Yet another remembered-rape story appeared in the Washington Post on Dec 18th. Headlined “It Should Never Be Too Late to Tell Your Story of Rape,” it was written by Abigail Hauslohner, one of the paper’s own reporters.
Hauslohner claimed that almost a decade and a half ago, as a teen, she was raped by a young man she’d considered a close friend:
I went to visit my friend — I’ll call him “X” — at his college campus. I saw X as a goofy but caring, older-brother type; we’d overlapped in high school and had a platonic and confiding sort of friendship.
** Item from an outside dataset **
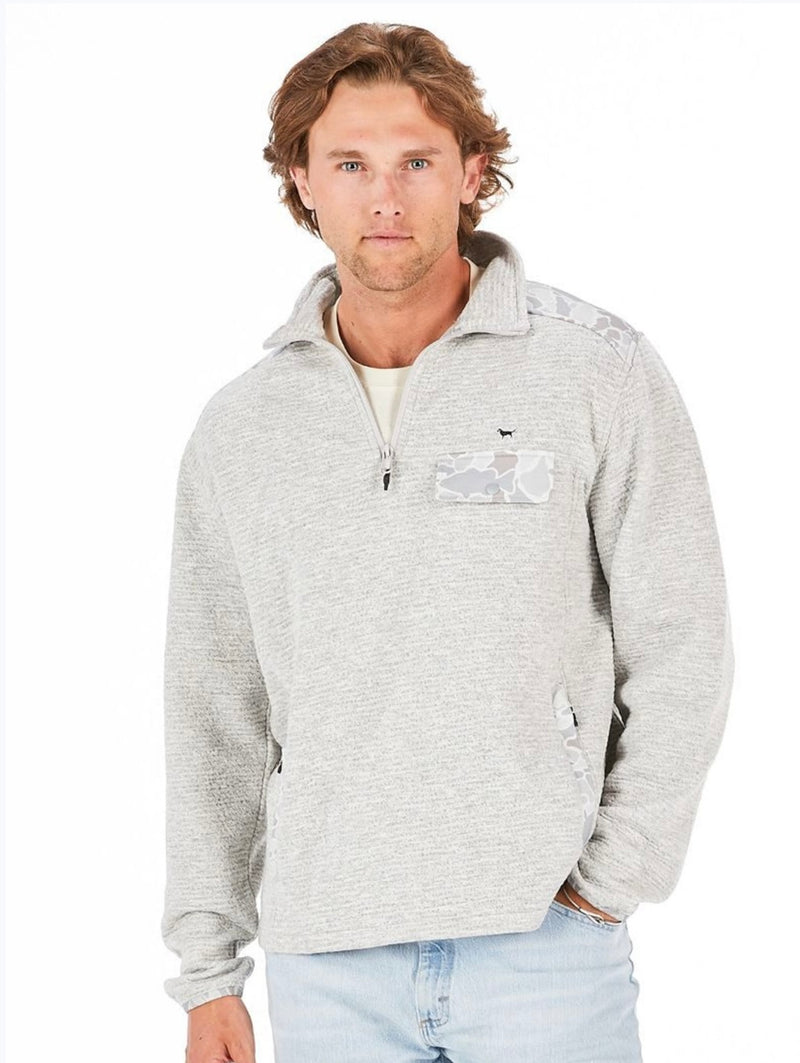 Men’s Gray half zip sweater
I never found him attractive.
When X went to college, he joined a fraternity and promised to take me to a real college party. My parents, who were fairly strict and usually would not have let me spend a weekend visiting a boy on a college campus, let me go because X was a friend. I packed my coolest top — a bright pink, sleeveless turtleneck sweater — a pair of Guess jeans and a new necklace that I loved.
The party was hosted by X’s fraternity. I remember walking into a relatively empty house and settling in nervously on a couch. Most of the people in the room were guys, and I was eager to seem cool. X asked if I wanted a drink; I said sure. He brought me a big plastic cup full of red punch.
The rest of that night I remember in flashes of images and sound. I can’t remember anything between sitting on the couch and drinking from that cup, and then being propped up in the back seat of a car that wasn’t X’s, with someone else driving someplace. I think I lost consciousness somewhere between the couch and the car.
Then I was lying on X’s bed in his dorm room, and he was on top of me, kissing me and fondling my breasts.
I felt like a block of lead, melded to the bed. My vision was blurred, and the room was dim. I seemed to have no control of my body, as X struggled to remove my jeans and then my shirt, my head lolling to one side and then my body falling back onto the mattress.
I remember suddenly feeling pain between my legs and saying “No,” as loudly as I could, my voice hoarse, my lungs heavy. “No, no, no,” I said again and again. But I couldn’t move. I couldn’t even sit up. Eventually the pain disappeared.I don’t know what time it was when I woke up the next morning. My head felt like it was in the clutches of a vise, and a wave of nausea swept over me . . .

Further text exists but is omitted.